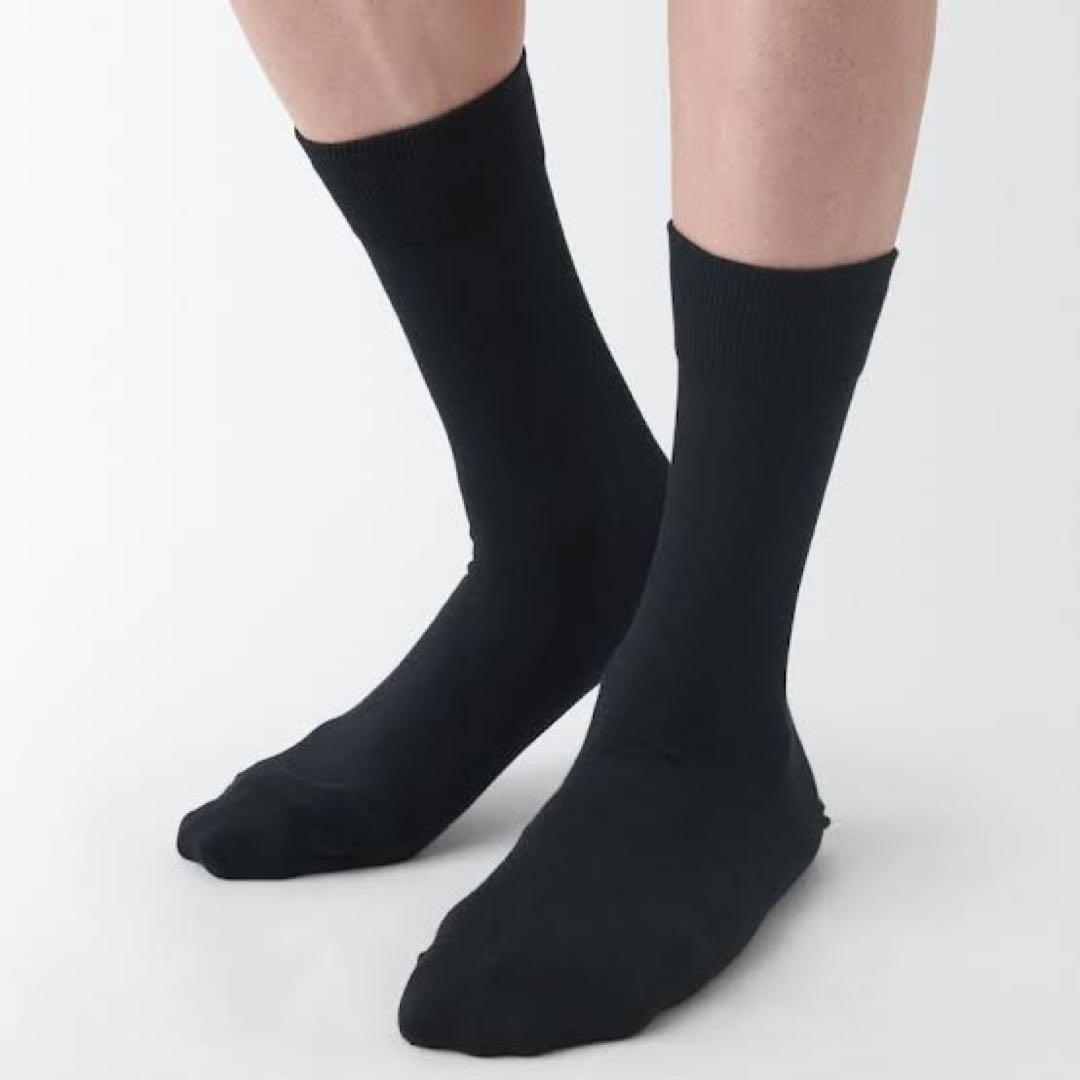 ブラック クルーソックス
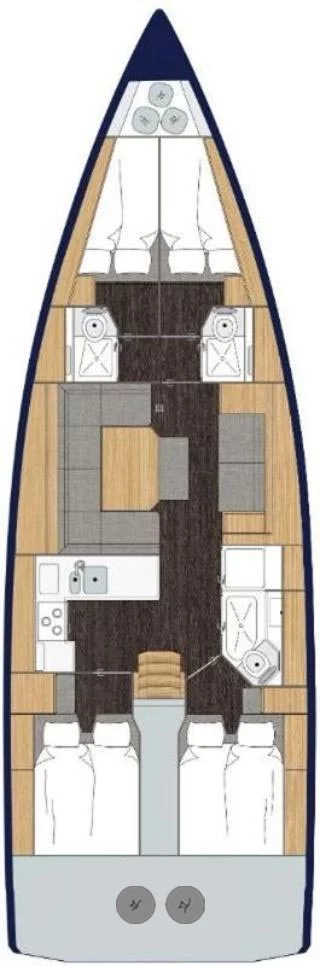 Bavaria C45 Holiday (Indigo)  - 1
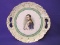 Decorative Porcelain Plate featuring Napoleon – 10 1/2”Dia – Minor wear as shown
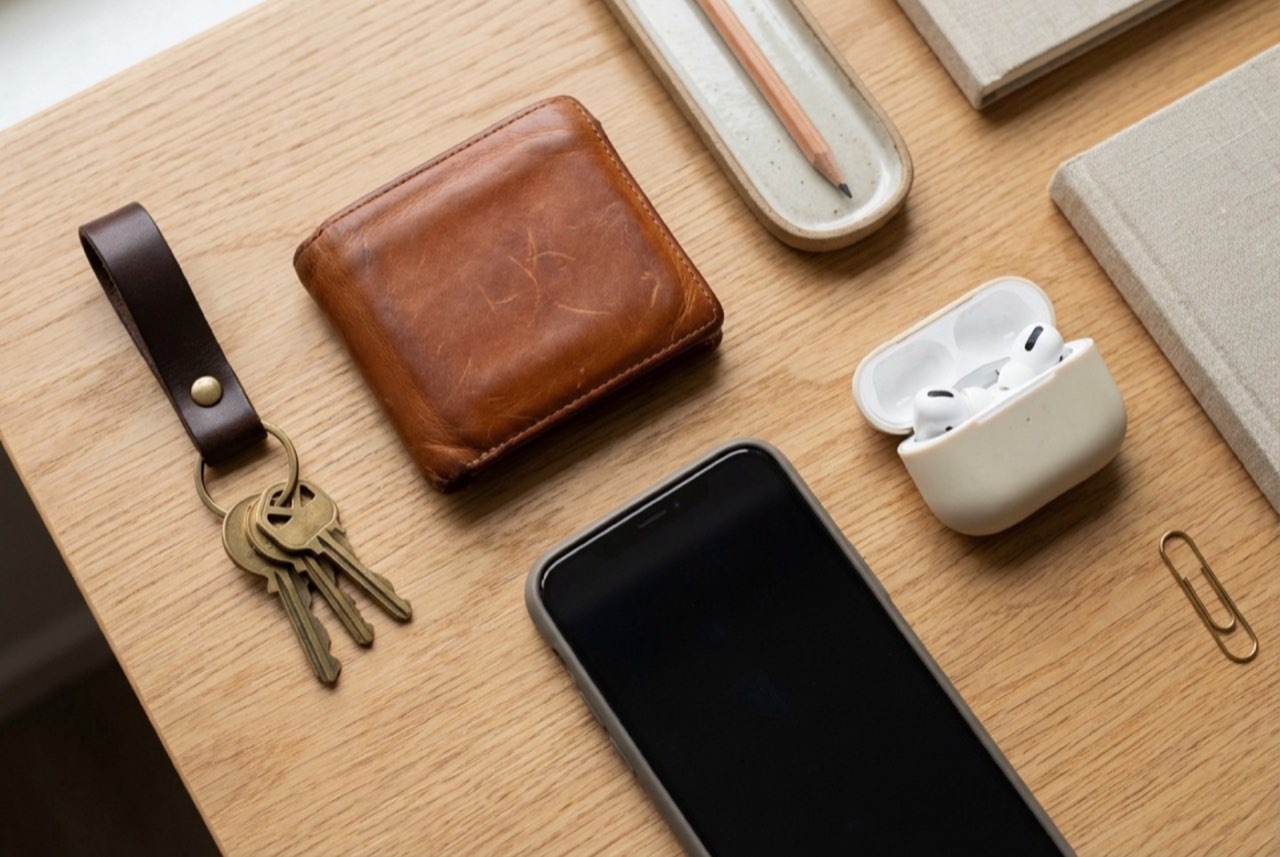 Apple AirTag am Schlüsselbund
——————————
= Task requirements =
Output, exactly and only: the line containing "Bavaria C45 Holiday", the last line of the listing above, and every line in between. Leave the pictures out.

= Result =
 Bavaria C45 Holiday (Indigo)  - 1
 Decorative Porcelain Plate featuring Napoleon – 10 1/2”Dia – Minor wear as shown
 Apple AirTag am Schlüsselbund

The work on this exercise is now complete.